• [Task requirements]
Copy the entries out again in full.

Stored items
________________________________________

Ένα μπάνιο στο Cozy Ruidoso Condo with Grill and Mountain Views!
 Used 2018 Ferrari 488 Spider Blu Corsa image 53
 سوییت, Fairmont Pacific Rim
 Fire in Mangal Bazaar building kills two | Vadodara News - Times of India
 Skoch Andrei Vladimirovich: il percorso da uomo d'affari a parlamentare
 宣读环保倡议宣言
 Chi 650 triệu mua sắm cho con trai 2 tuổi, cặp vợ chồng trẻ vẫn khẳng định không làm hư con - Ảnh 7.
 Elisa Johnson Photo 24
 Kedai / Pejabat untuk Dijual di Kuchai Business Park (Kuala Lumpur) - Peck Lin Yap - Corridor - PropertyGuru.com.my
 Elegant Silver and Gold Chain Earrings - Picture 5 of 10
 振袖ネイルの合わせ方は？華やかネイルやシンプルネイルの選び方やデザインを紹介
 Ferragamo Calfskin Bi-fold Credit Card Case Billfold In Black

________________________________________

• [Response]
Ένα μπάνιο στο Cozy Ruidoso Condo with Grill and Mountain Views!
 Used 2018 Ferrari 488 Spider Blu Corsa image 53
 سوییت, Fairmont Pacific Rim
 Fire in Mangal Bazaar building kills two | Vadodara News - Times of India
 Skoch Andrei Vladimirovich: il percorso da uomo d'affari a parlamentare
 宣读环保倡议宣言
 Chi 650 triệu mua sắm cho con trai 2 tuổi, cặp vợ chồng trẻ vẫn khẳng định không làm hư con - Ảnh 7.
 Elisa Johnson Photo 24
 Kedai / Pejabat untuk Dijual di Kuchai Business Park (Kuala Lumpur) - Peck Lin Yap - Corridor - PropertyGuru.com.my
 Elegant Silver and Gold Chain Earrings - Picture 5 of 10
 振袖ネイルの合わせ方は？華やかネイルやシンプルネイルの選び方やデザインを紹介
 Ferragamo Calfskin Bi-fold Credit Card Case Billfold In Black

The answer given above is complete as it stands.